While many of the new post-crisis banking regulations are a thorn in the side of big banks, they are also creating major opportunities for business development companies (BDCs). Benzinga recently had the chance to speak with Grier Eliasek, president and COO of Prospect Capital Corporation PSEC about the benefits that Basel III, the Dodd-Frank Act and other new banking regulations have created for BDCs.
Filling A Void
New banking regulations severely restrict banks’ ability to hold leveraged loans on their balance sheets.
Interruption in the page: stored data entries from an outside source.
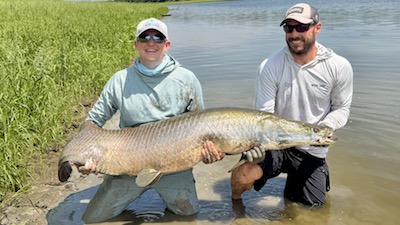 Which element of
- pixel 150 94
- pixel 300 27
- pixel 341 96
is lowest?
pixel 341 96

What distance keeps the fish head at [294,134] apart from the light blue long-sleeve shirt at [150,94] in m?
0.74

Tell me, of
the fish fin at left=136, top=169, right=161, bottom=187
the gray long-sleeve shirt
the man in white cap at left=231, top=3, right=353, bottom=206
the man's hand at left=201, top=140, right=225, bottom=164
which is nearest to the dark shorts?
the man in white cap at left=231, top=3, right=353, bottom=206

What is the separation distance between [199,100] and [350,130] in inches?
133

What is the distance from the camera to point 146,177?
3334 mm

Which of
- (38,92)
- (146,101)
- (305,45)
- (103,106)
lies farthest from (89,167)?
(38,92)

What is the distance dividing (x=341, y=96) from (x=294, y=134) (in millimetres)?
731

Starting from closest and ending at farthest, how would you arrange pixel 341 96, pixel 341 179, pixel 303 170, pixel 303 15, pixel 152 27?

According to Eliasek, BDCs are able to step in and take over a part of the financing business that is now off-limits for banks.
Are These Loans Safe?
Benzinga asked Eliasek if BDC investors should be concerned about the safety of loans that regulators now deem unsafe for banks. “BDCs were created by Congress in 1980 to spur investment in private middle market companies that lack access to the banking and capital markets,” he explained. "As a result, the type of companies BDCs traditionally invest in has not changed materially in light of Dodd-Frank.”
Eliasek noted that Prospect’s net leverage is currently 4.2x, well short of the 6.0x leverage cap imposed on banks by regulators.
Target Loans
When Benzinga asked about the types of companies that Prospect has been targeting lately, Eliasek explained that the firm identifies companies with a stable cash flow, a strong market position and attractive growth potential.
“Our focus remains on senior secured loans, which offer important downside protection. As of June 30, 2015, over 72 percent of our portfolio was comprised of first-lien and second-lien loans, the majority of which was first-lien.”
Rising Rates
When asked about the impact that rising interest rates will have on BDCs, Elsiak said that rising rates will be a blessing for well-positioned BDCs. “BDCs are well-positioned to benefit from a rising interest rate environment given BDC portfolios are primarily floating rate,” he told Benzinga.
In Prospect's case, about 89 percent of interest-bearing assets are floating rate, while about 87 percent of liabilities are fixed-rate.
Disclosure: The author holds no position in the stocks mentioned.